Reproduce the whole listing exactly and let no picture into the copy.

++++ SUPPLIED RECORDS

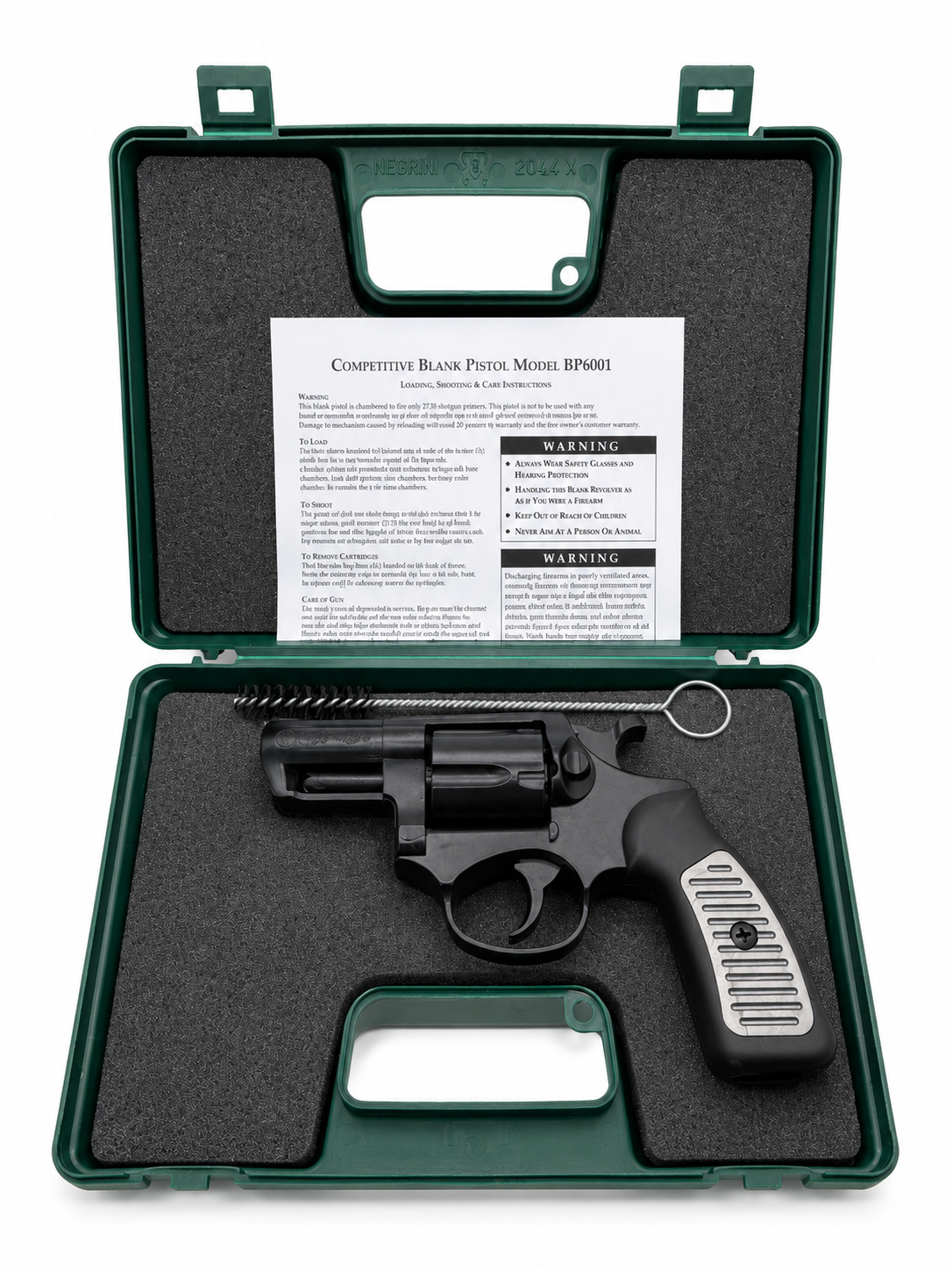 Traditions .209 Blank Starter Pistol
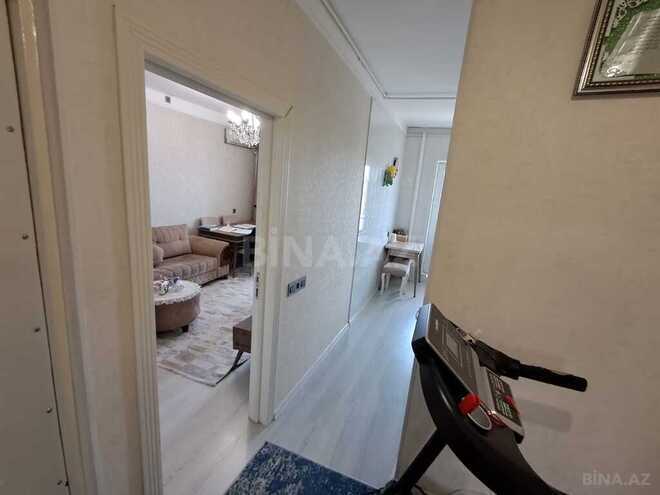 2 otaqlı köhnə tikili - Həzi Aslanov m. - 65 m² (6)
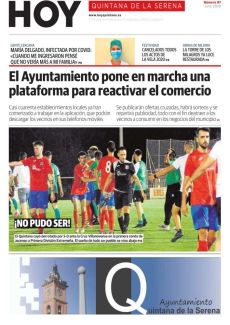 Quintana de la Serena - Jul. 2020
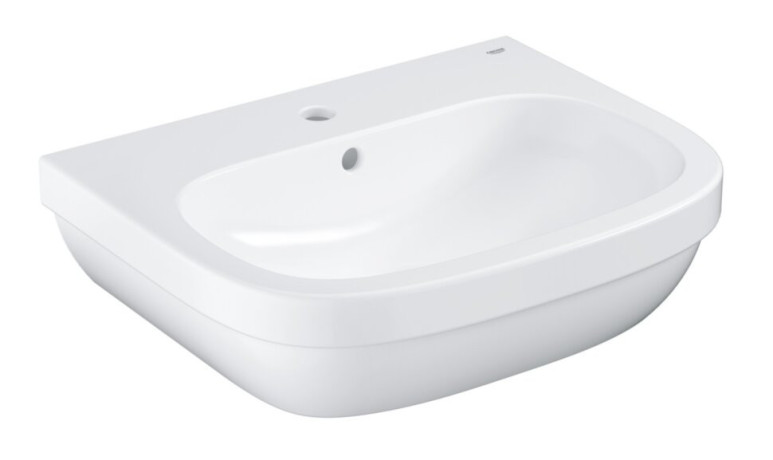 Умывальник подвесной Grohe Euro Ceramic, 60 (39335000)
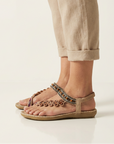 Indira | Cozy Fit Orthopedic Women’s Sandals for Daily Wear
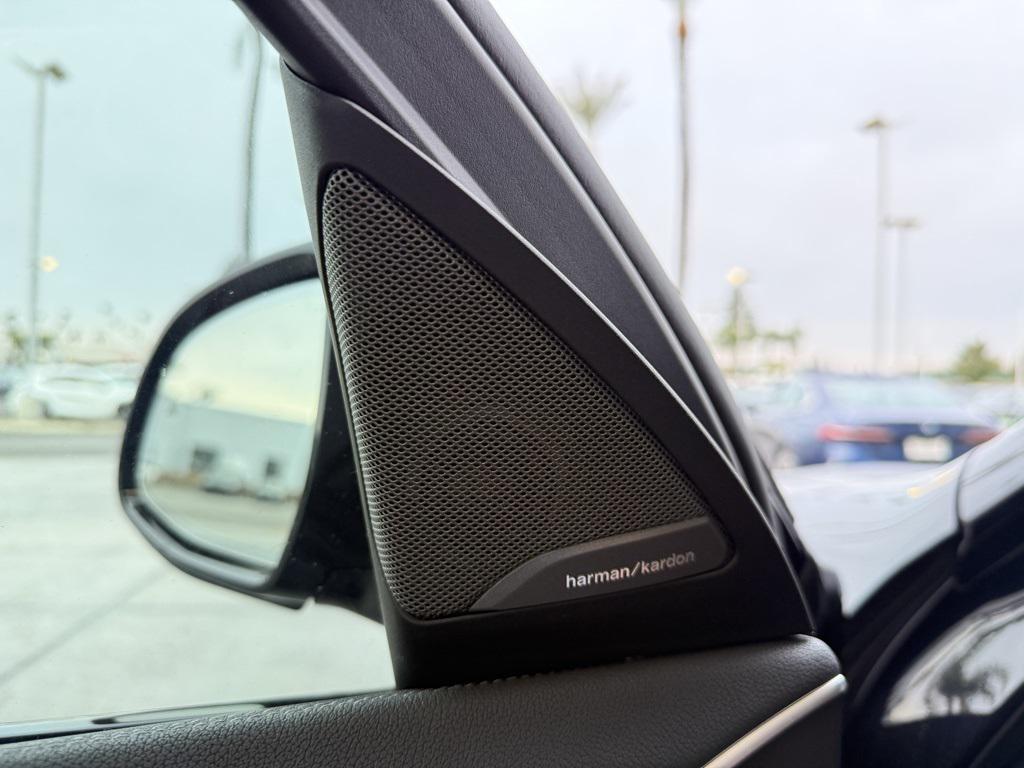 used 2024 BMW X4 car, priced at $62,490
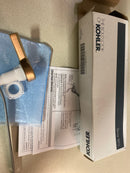 Kohler K-9466-L-BV Cimarron Left Hand Toilet Lever - Brushed Bronze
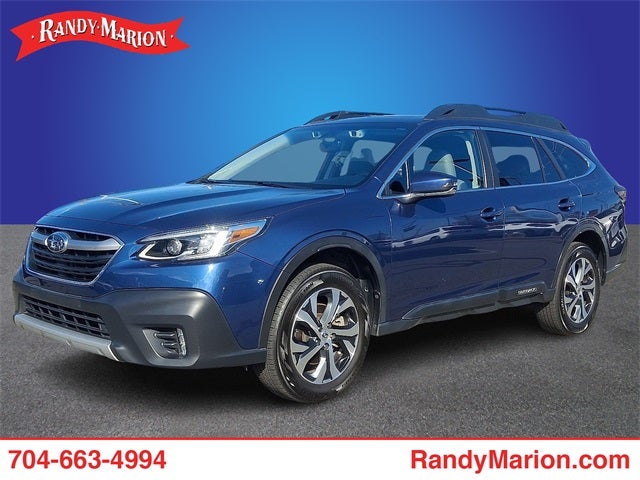 2022 Subaru Outback Limited XT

++++++++

ANSWER SPACE:
 Traditions .209 Blank Starter Pistol
 2 otaqlı köhnə tikili - Həzi Aslanov m. - 65 m² (6)
 Quintana de la Serena - Jul. 2020
 Умывальник подвесной Grohe Euro Ceramic, 60 (39335000)
 Indira | Cozy Fit Orthopedic Women’s Sandals for Daily Wear
 used 2024 BMW X4 car, priced at $62,490
 Kohler K-9466-L-BV Cimarron Left Hand Toilet Lever - Brushed Bronze
 2022 Subaru Outback Limited XT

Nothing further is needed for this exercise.